Pedestrians on Tokyo's sidewalks could only welcome the report last week that the Metropolitan Police Department intends to crack down on bicycle riders who violate traffic regulations. Thirteen accidents in which cyclists were killed were registered in the capital as of the end of February, an increase of seven over the same period in 1998. Only two of the 13 fatal accidents did not involve transgressions of the road laws by the cyclists, ignoring traffic signals being prominent among them.

However, a question arises about implementation. If the Tokyo traffic police are no more successful than they currently are in stopping flagrant violations by truck and automobile drivers, what reason is there to believe the crackdown on bicyclists will succeed?
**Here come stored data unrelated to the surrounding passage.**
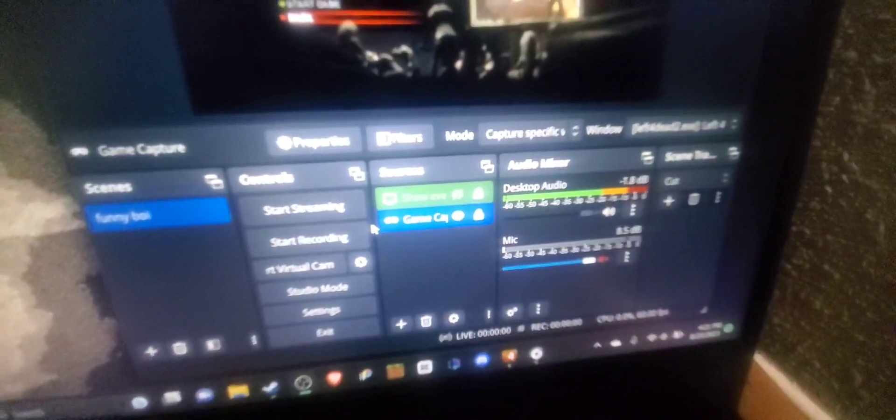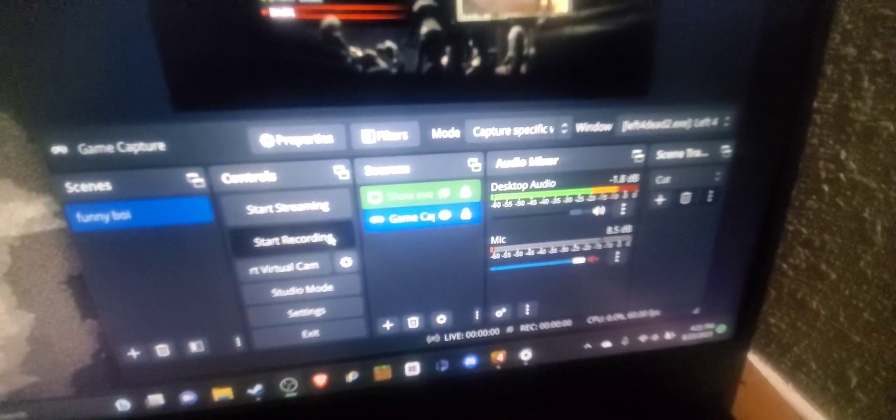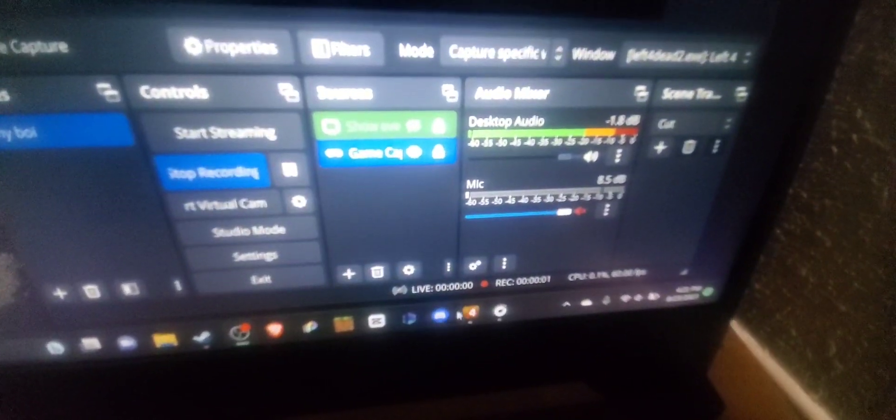Look, I'm trying to record something for Left 4 Dead. I'm on the window, right? I'm on the window. Look, I press record. It's on Left 4 Dead. I go to Left 4 Dead.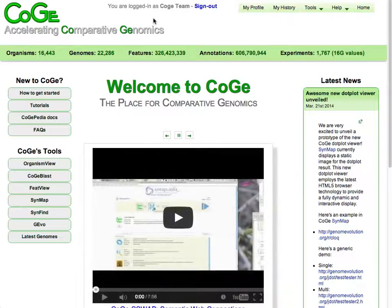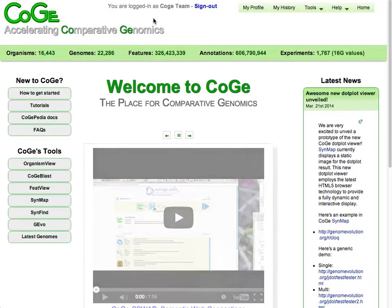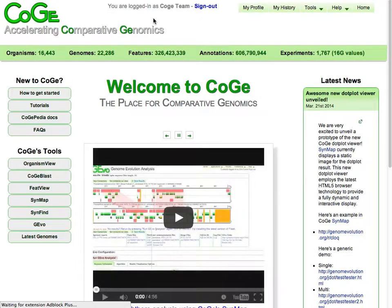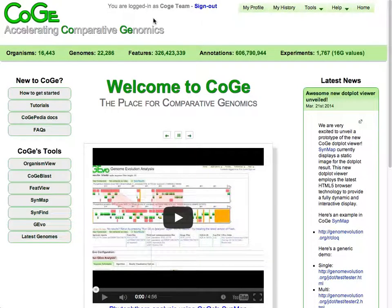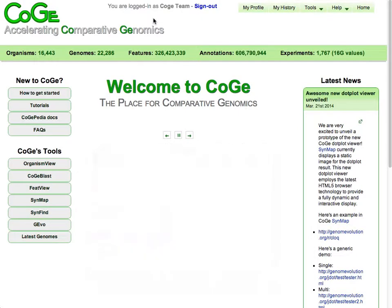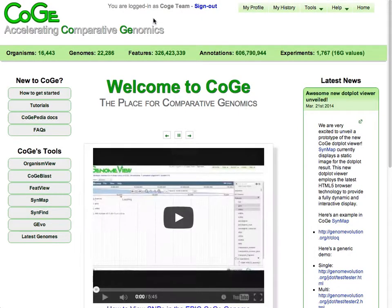Hi, this is Eric Lyons, and this video tutorial will show you how to use COGI's RNA-Seq processing pipeline. This project is a collaboration with James Schnabel at the University of Nebraska and the COGI team developers Matt Baumhoff and Evan Briones.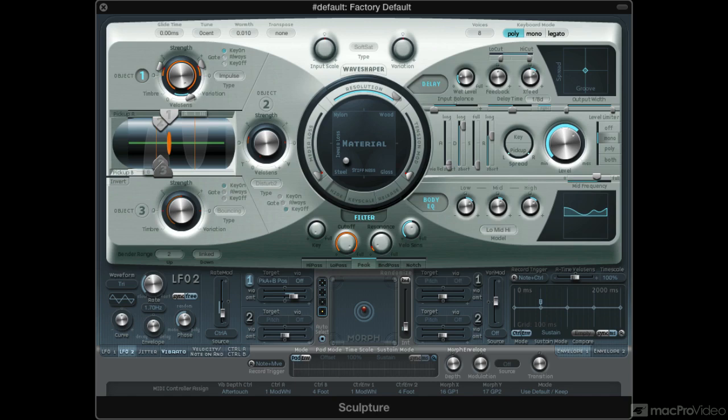I should also mention that I will not be covering the actual controls of the synth, or showing you how modeling synthesis works. If you want to learn about Sculpture and how to use it, I'm sure you will be able to find another course in our library that goes through that in much detail.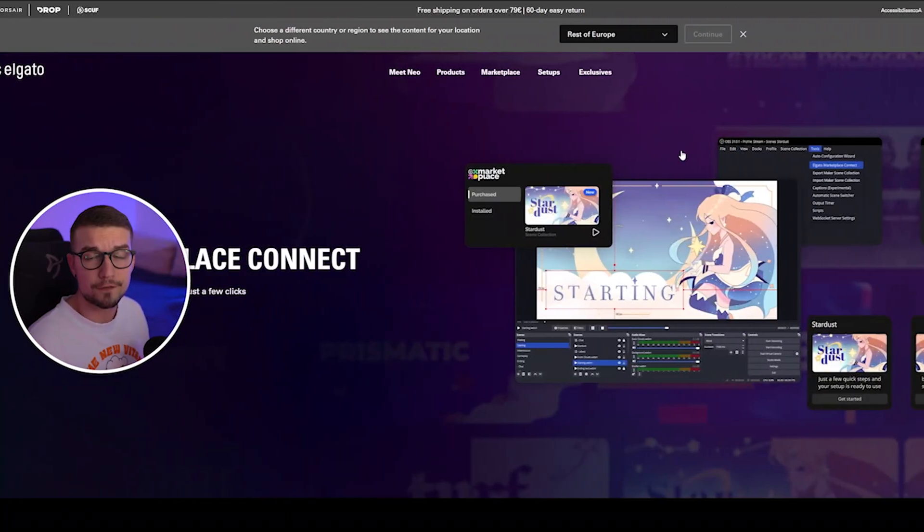Elgato just launched a brand new OBS plugin that completely changes how creators set up their OBS. In today's video, I'll show you how to install it and set it up. It's extremely easy, so without further ado, let's hop right into it.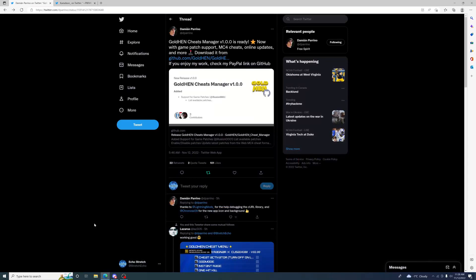Hello, welcome back to the channel. It's Echo Stretch. In this video we have some great news - a new release of the GoldHEN Cheat Manager version 1.0.0 by Damien. It's going to allow us to bring out the hidden feature in GoldHEN only on beta 7. Let's jump right into the video.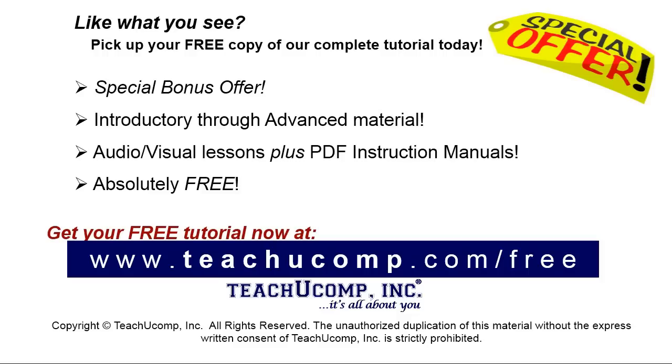Like what you see? Pick up your free copy of the complete tutorial at www.teachyoucomp.com forward slash free.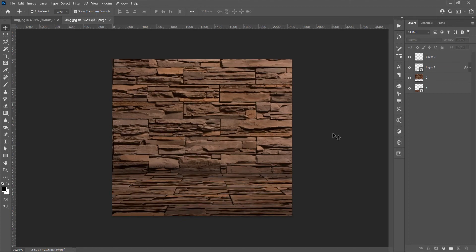And this was the tutorial for how to create a perspective background from one image in Adobe Photoshop. If you liked this tutorial, don't forget to subscribe to this channel for more graphic design tutorials. Thank you.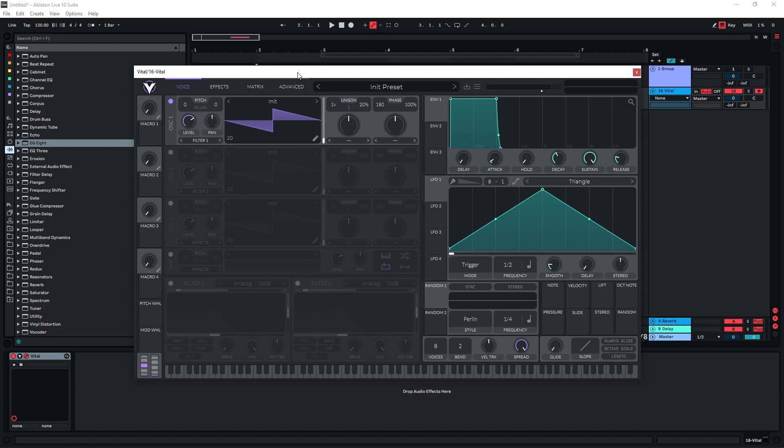Stutter sound effects are very useful for creating futuristic sci-fi sound effects, but they are also very often used as transitional sound effects by video editors. They are very useful in general as a layer for other sound effects to increase intensity, so there are various applications for them, and they're rather simple to create in Vital.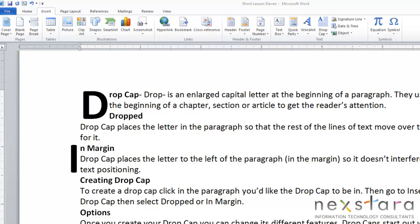There are two kinds of drop caps. The first is called a dropped drop cap, and that's where you place the letter in a paragraph so that the rest of the lines of text are moved over to make room for it. You can see this big D pushing the other lines of text over. The other type is an in-margin drop cap, where the drop cap places the letter to the left of the paragraph, in the margin, so it doesn't interfere with the other text positioning. You'll see this letter is in the margin, and your other lines of text remain where they would normally be.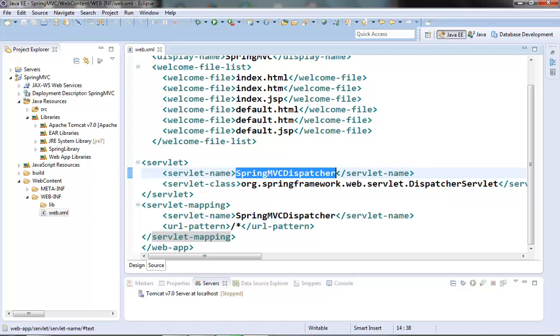This was the basic setup needed for the spring MVC application. This is it for this video. We will see some more stuff of spring MVC and spring's other modules in the next video. Thanks for watching.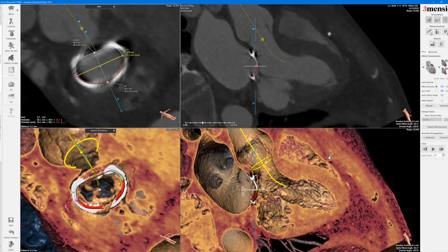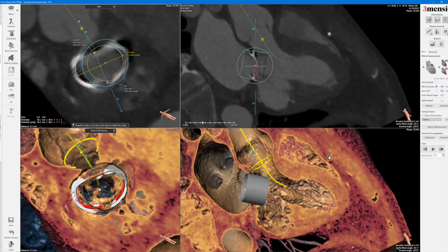This is probably a 28-millimeter annuloplasty ring — you can see the AP dimension is quite small at only 18mm and the area is 430 mm². Depending on whether it's rigid or semi-rigid, the ring might not expand or circularize completely. The smaller the annuloplasty ring, the more rigid it is, so the ability to circularize with a smaller ring is more difficult than with a larger ring. So let's put a virtual valve across — in this case you may end up needing a 26-millimeter S3 valve.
Some observers expect it to be largely a case of good intentions and that in practice it will apply mainly to cyclists who are actually involved in accidents, rather than the many who regularly invite disaster and yet usually miraculously escape.
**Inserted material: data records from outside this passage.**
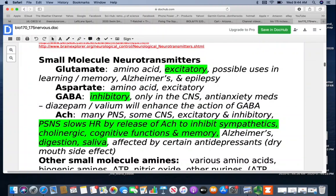You may see learning, memory, and some functions influenced by multiple neurotransmitters, as these are very complex functions in the body. Aspartate is also an excitatory amino acid. GABA is gamma-aminobutyric acid — it's inhibitory, meaning it blocks or shuts things down, and it's only found in the CNS. Some anti-anxiety medications like diazepam or Valium will enhance the action of GABA.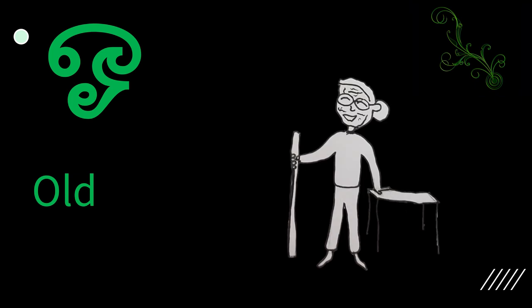The next letter is o. When you say old, you actually say o in the beginning. O. Old.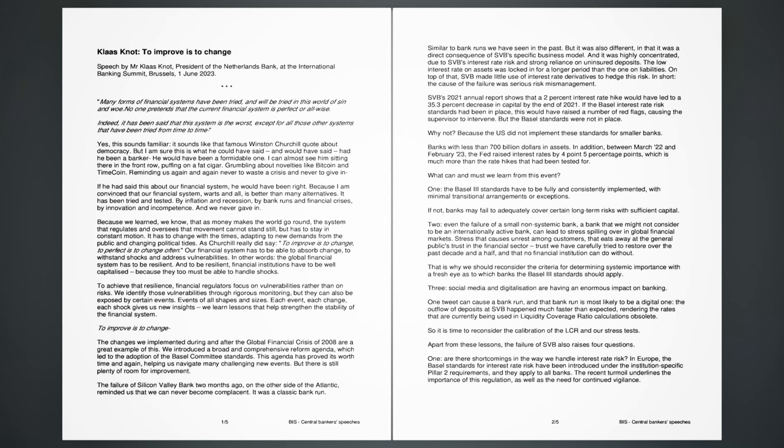Klaas Nott, to improve is to change. Speech by Mr. Klaas Nott, President of the Netherlands Bank, at the International Banking Summit, Brussels, the 1st of June 2023.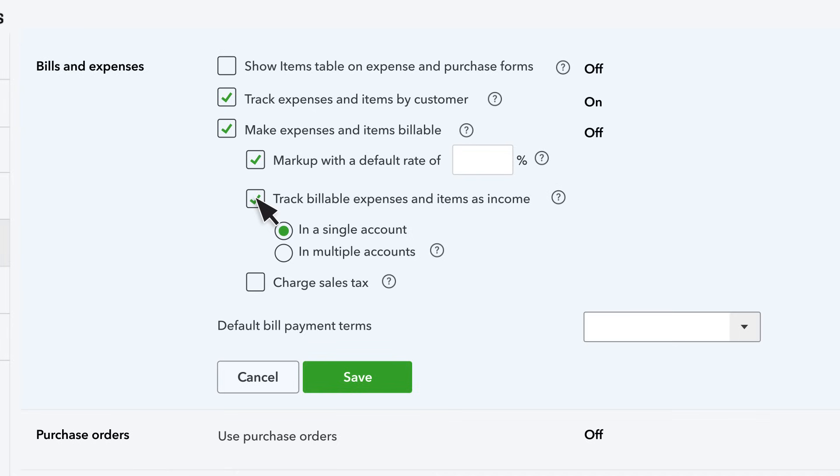If you uncheck this box, QuickBooks tracks it all with the same expense account. When you spend the money the expense account will go up, and when you're repaid it will go back to zero so that you won't see any effect on your financial statements.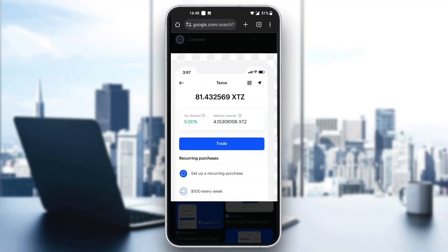After entering in all the info and you're sure you want to stake that crypto, go ahead and click on trade and this will automatically put the crypto up for staking and you will be able to collect those rewards.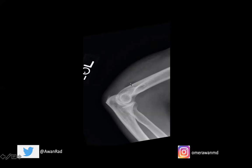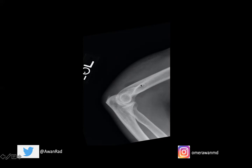We should never see a posterior fat pad. So if we see a posterior fat pad on a properly performed lateral elbow X-ray, that indicates the presence of a joint effusion. You can normally see an anterior fat pad, but it shouldn't be this large and certainly shouldn't be displaced anteriorly. When it is enlarged and displaced anteriorly, that indicates a joint effusion.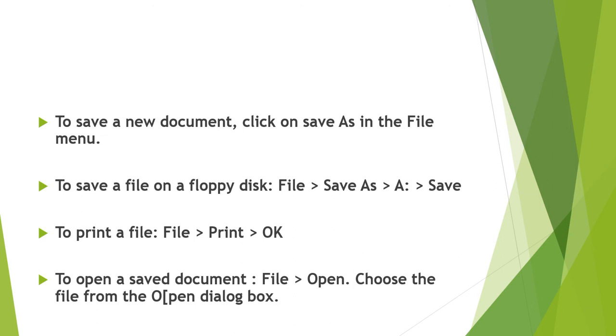Ok students, so with this our chapter is completed and you studied about word processing. Please read this lesson from your book carefully. I have sent exercise with you. You need to open by clicking on the blue link of exercise and write in your notebook or workbook. Children, you also need to solve the MCQ test. Bye all of you, stay safe at home. Thank you.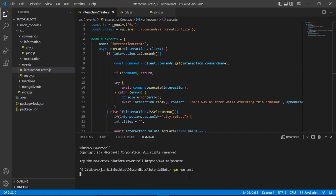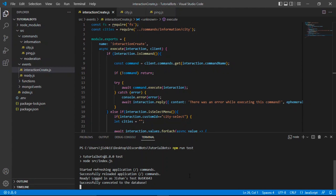Let's save the code and go to our terminal. NPM run test. It says start refreshing application commands, successfully reloaded application commands, already logged in as Sean's test bot, and we've successfully connected to the database. If you aren't sure how to connect your Discord bot to the database, make sure to check out episode 3 where I showed that in detail. Now let's go to our Discord server and check out if our selection menu works.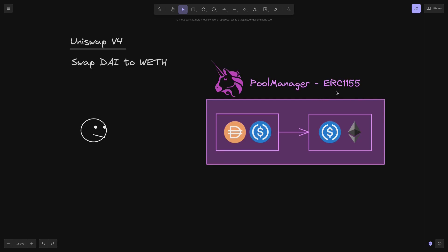As I mentioned earlier, this contract can manage multiple tokens in a single contract. So what you see over here is that we have DAI USDC pool and USDC WETH pool inside a single contract. The token transfers are internal to this contract, hence we'll be saving some gas when we trade on Uniswap V4.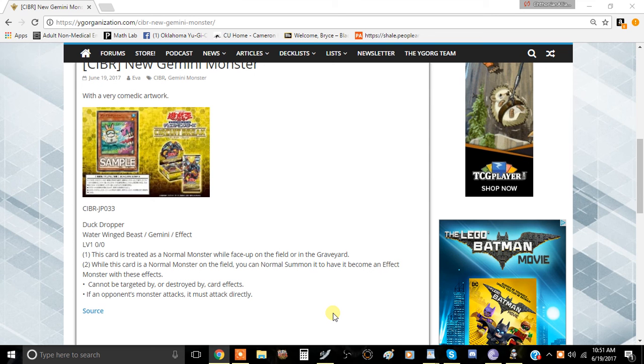Coming out of Circuit Breaker, which looks like a very interesting set, we are introduced here with a new Gemini monster. This is Duck Dropper.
Bicyclists are only one small part of Japan's road-safety problem, of course. After several years in which traffic fatalities nationwide registered a decline, deaths from all types of vehicle accidents are on the rise again. Figures for the first two months of the year show fatality rates higher than in the same period last year and suggest that it may be impossible to keep the total below 10,000 again in 1999. That is, unless regulations intended to protect drivers, their passengers and pedestrians are enforced -- with the cooperation of an often stubborn public. In that case, accident-related deaths could begin to show a substantial fall from the 9,211 recorded for all of 1998.